I am not familiar with the gpsd service, but what you describe looks a lot like the receive buffer is being corrupted (overwritten). The GPS receiver is outputting NMEA information continually and when your application is sleeping these characters will accumulate in the buffer, if too many characters are recieved then the buffer will get overwritten.
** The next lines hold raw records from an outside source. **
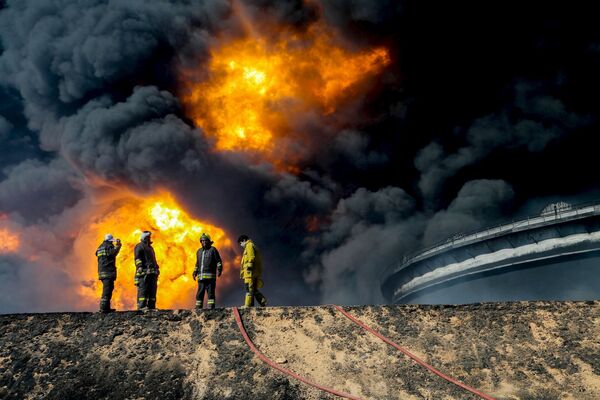 Nhân viên cứu hỏa trên nền kho chứa dầu bốc cháy tại thành phố Ras Lanuf ở Libya - Sputnik Việt Nam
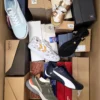 The photo shows a package with footwear in the category AS.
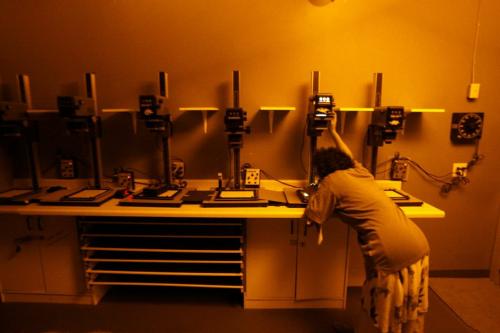 MIKE.DEAL@FREEPRESS.MB.CA 100529 - Saturday, May 29th, 2010 One of the Eritrean women makes traditional print in the darkroom at Prairieview. See Carol Sanders story. MIKE DEAL / WINNIPEG FREE PRESS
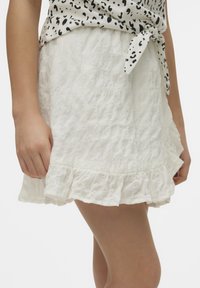 Gonna mini bianca e testurizzata con orlo arricciato. Realizzata in un tessuto leggero, presenta un design stropicciato e una vita elastica.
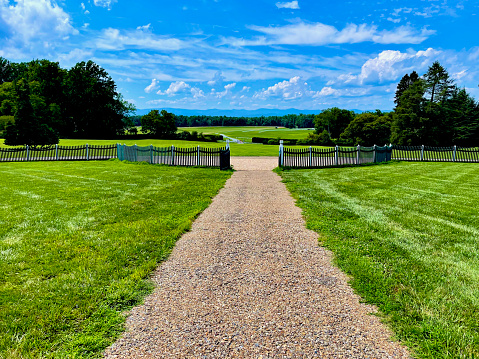 Montpelier Station, Virginia, USA - July 30, 2022: View of the front lawn and the approach to “Montpelier”, home of United States President and Founding Father James Madison and his wife Dolley Madison.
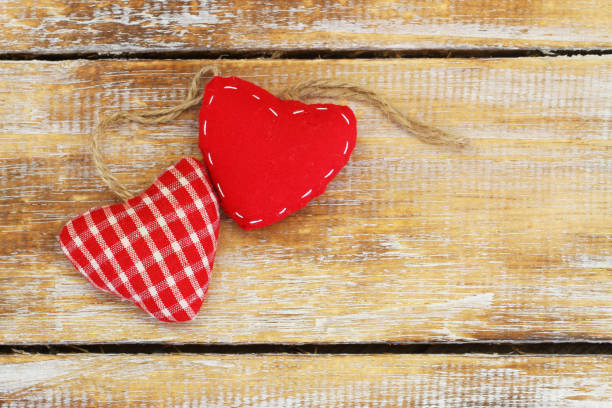 istock Red canvas hearts on rustic wooden surface with copy space 873314960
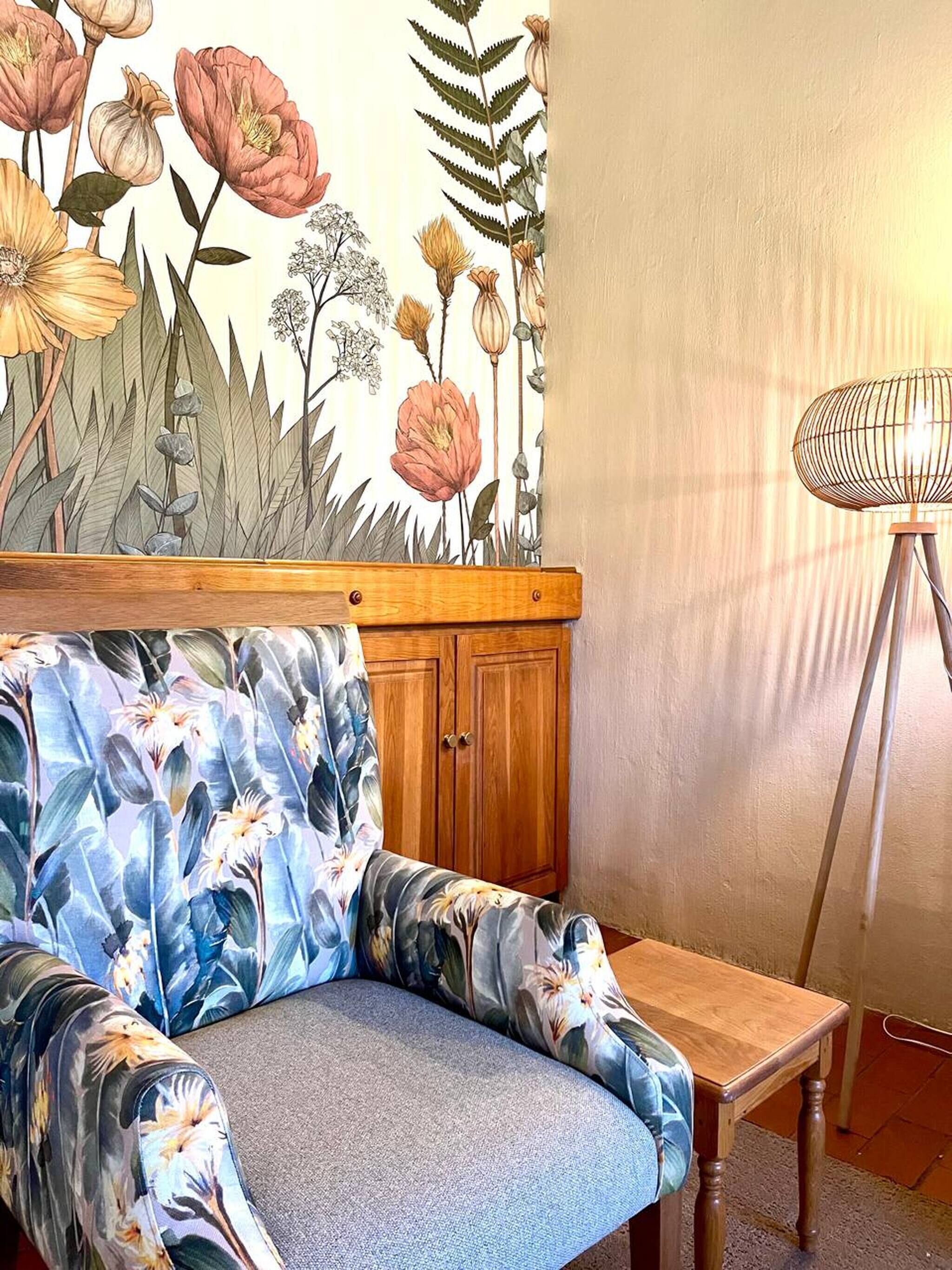 Une pièce avec un canapé à motifs floraux, un meuble en bois et un lampadaire.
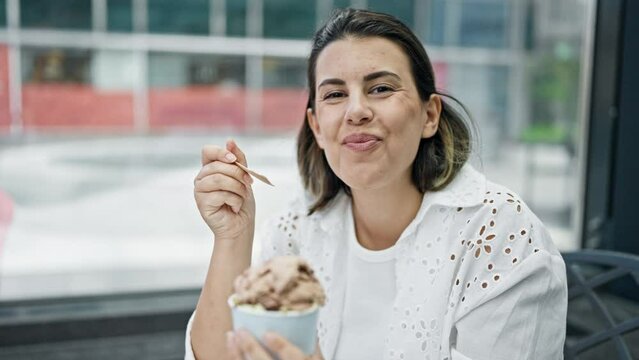 Beautiful young hispanic woman eating ice cream smiling at cafeteria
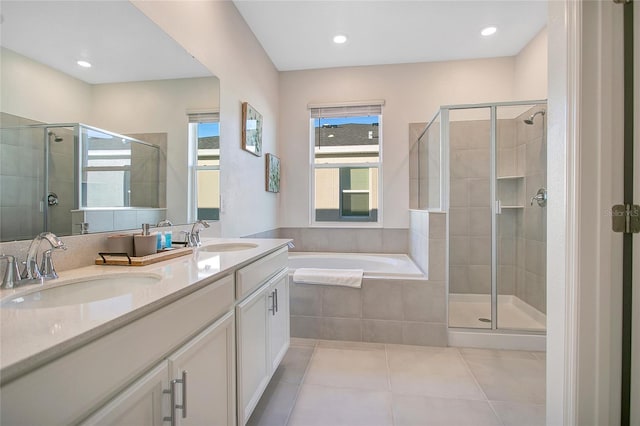 bathroom featuring independent shower and bath, vanity, and tile patterned floors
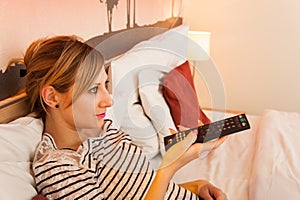 Girl Watching TV in Bed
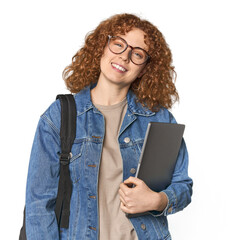 Young Caucasian redhead student with books happy, smiling and cheerful.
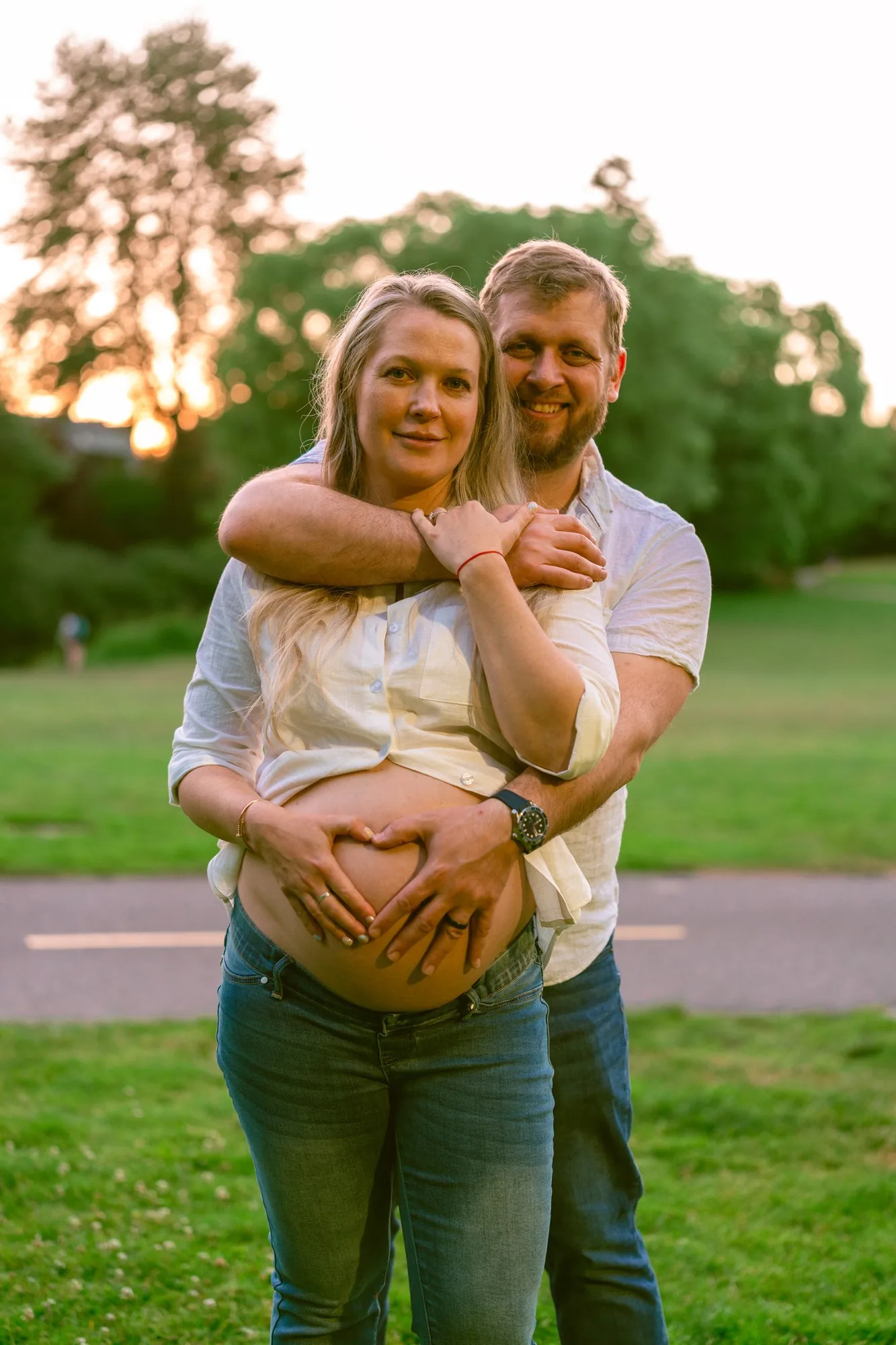 Couple forming a heart with their hands on the baby bump at sunset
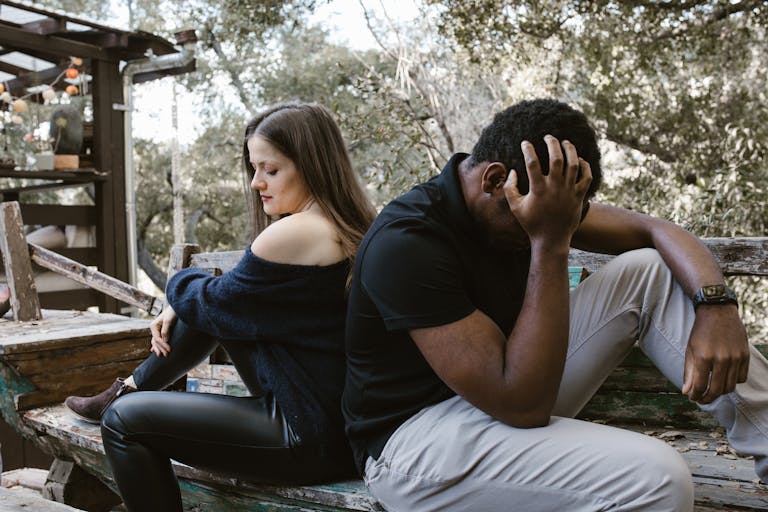 A couple sits back to back on a bench, depicting emotional conflict and loneliness.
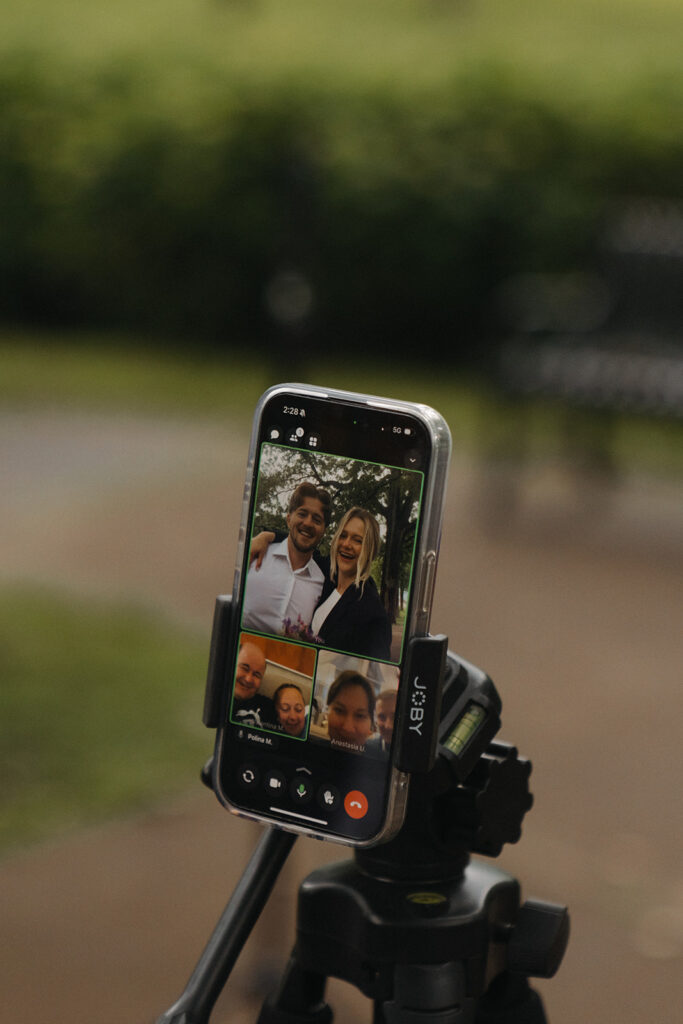 Phone screen showing Polina’s family FaceTiming into the Minnesota elopement.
Either increase the serial port receiver buffer size (if possible) or maybe clear the buffer after the wakeup and then wait for the next GGA message (which may be up to one second away in the worst case).
The GPS receiver should be configured to output information at a 1Hz (once per second), in this case the the device should only output about 8 sentances per second. If you're seeing 40 sentances then your receiver would seem to be outputting information at around 5Hz which sounds like overkill for your particular interest.